# Need Help w/ Names Please!!!



## HollowbeadRanch (Oct 5, 2007)

Well I just finished adding the triplets to the Nursery (www.HollowbeadRanch.com/animalnursery.htm)! The only problem is that I am having to refer to them as "Buckling #1, Buckling #2, Buckling #3"! So I need help with some names please!!!! :dance: The two Buckskins have Blue-Eyes and the Black one has Brown-Eyes. They all three have moonspots.... so maybe something pertaining to a night sky, the moon, stars, or even something refering to blue... for the two with Blue-Eyes :shrug: I am really open to ANY suggestions!

Here are some more pics of them:


























































Thanks in advance for the help! :leap:


----------



## KW Farms (Jun 21, 2008)

Here are a few that I think might fit them...

Splash
Spotz 
Moonpie
Cresent: Like the cresent moon shape
BlueMoon
Gumdrop
Lollipop
Comet
Pluto
Jupiter
Planet names...
Here's a link to some star names... http://www.naic.edu/~gibson/starnames/starnames.html That might be kinda neat to use one of those.

Well, maybe one of those will work!! Have fun picking the names!!


----------



## sweetgoats (Oct 18, 2007)

Brandi, How about instead of Buck 1,2,3. They be adorable buck 1,2,3..

No are you keeping them? 

We do not name them if I know we are not keeping them. i can not because I will be to attached to them.
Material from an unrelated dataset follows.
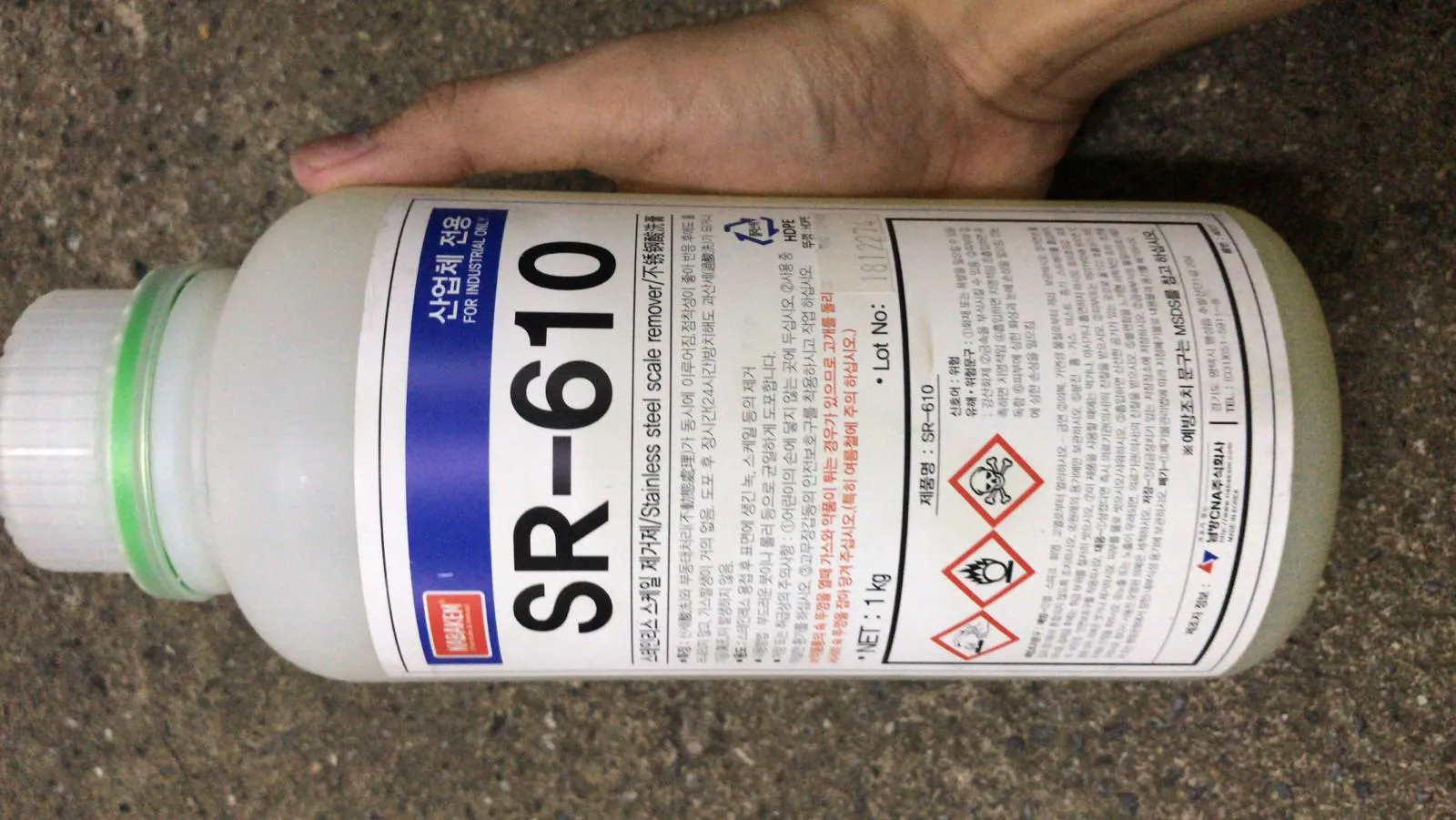 Nabakem SR610 Stainless Steel Scale Remover Metal Surface Treatment Agent Cleaning Lotion | Model : OIL-SS1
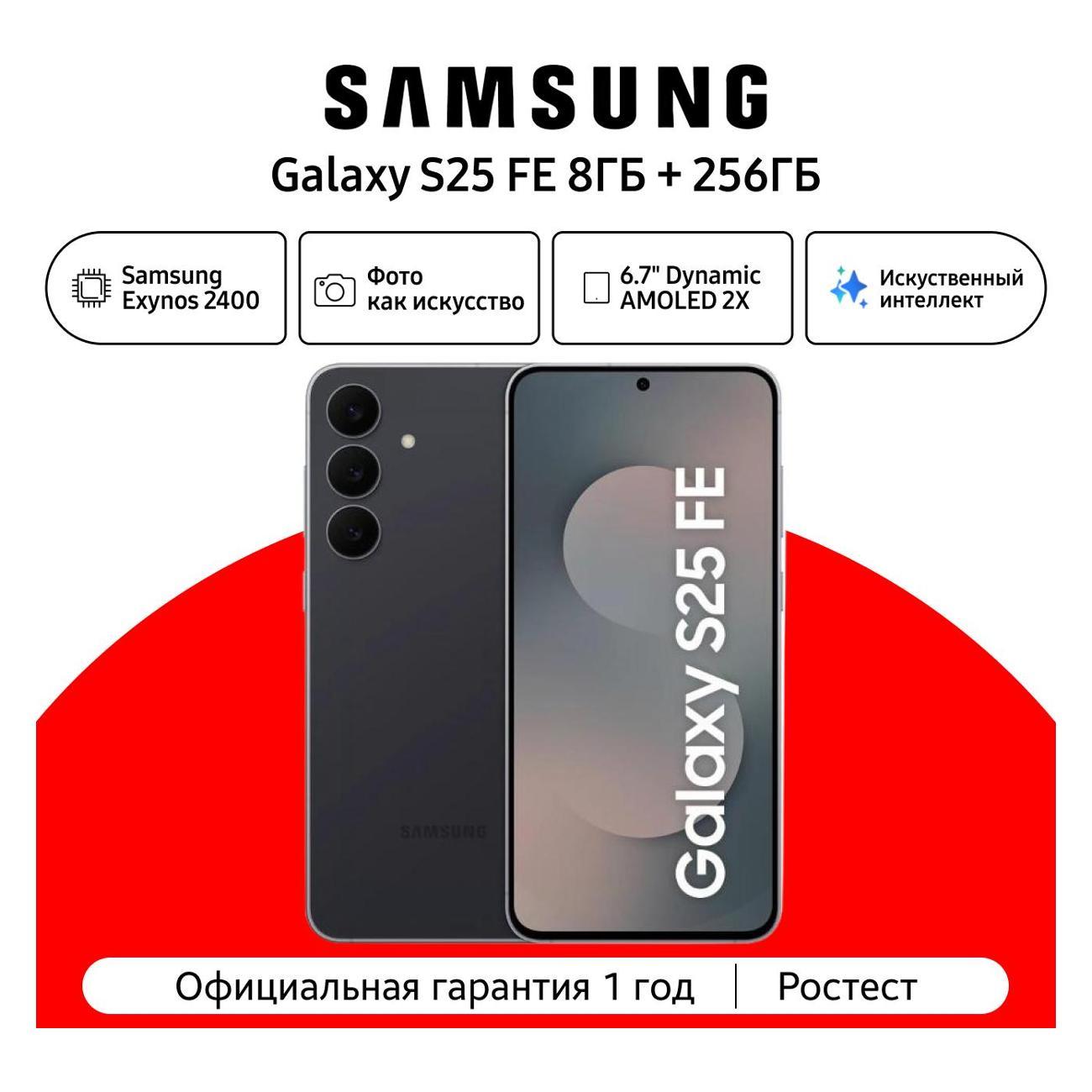 Смартфон Samsung Galaxy S25 FE 8/256GB Black CAU фото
Even when I sell them I tell the people to name them so I can get the correct name on the Scrapie tag information. 

I have them listed on my web site with their dam and Sire and then the babies, so they can see who they came from.


----------



## HollowbeadRanch (Oct 5, 2007)

Kylee- I really like Moonpie, Draco, and Aries (the last two are from the star names link)! What does everyone think of those???

Lori- Thank you! No, I won't be able to keep any of them (and it is KILLING me!). They are related to all 5 Does that I purchased! I usually go ahead and name them (easier to keep up with in my records when they have names... instead of saying "dark buckskin buckling with blue-eyes and moonspots..." know what i mean?) and then if the buyer wants to rename them they are more than welcome to :greengrin: Plus I just enjoy picking out names for them :wink:


----------



## HollowbeadRanch (Oct 5, 2007)

:ROFL: I just had a brilliant idea!!!! :ROFL: Unless I find some names that I like better... their names are now RC, Cola, and MoonPie! :greengrin:


----------



## KW Farms (Jun 21, 2008)

:ROFL: I like it Brandi!!


----------



## liz (Oct 5, 2007)

Brandi your choice for names is great! Luv'em. Now....does the lil' B/W cutie have BE? He is just adorable...and my DH just loved the pic of he and his brother together...the 7th pic..that buckskin face is just adorable!!!


----------



## redneck_acres (Oct 18, 2007)

I found an easy way to name kids.......just ask kids. I asked my middle born neice what I should name a doe kid out of Kalilily-should she have a doe kid-and she said "Rose". So, that will be the name if it is a doe.


----------



## HollowbeadRanch (Oct 5, 2007)

Thank you both! I am tickled with the names :greengrin: 

Liz- Honestly... MoonPie (black Buckling) is the sweetest one of them all!! You heard "curiosity killed the cat"??? well... I am beginning to believe it killed the goat too! :ROFL: He is SO curious and full of energy! It is really going to break my heart when he has to go  He doesn't have blue-eyes.... only one out of the three that doesn't. It is absolutely COVERED in moonspots though! He has a few little chocolate moonspots on his face also! He is just the cutest thing!  If you decide you want him.... you just let me know :wink:


----------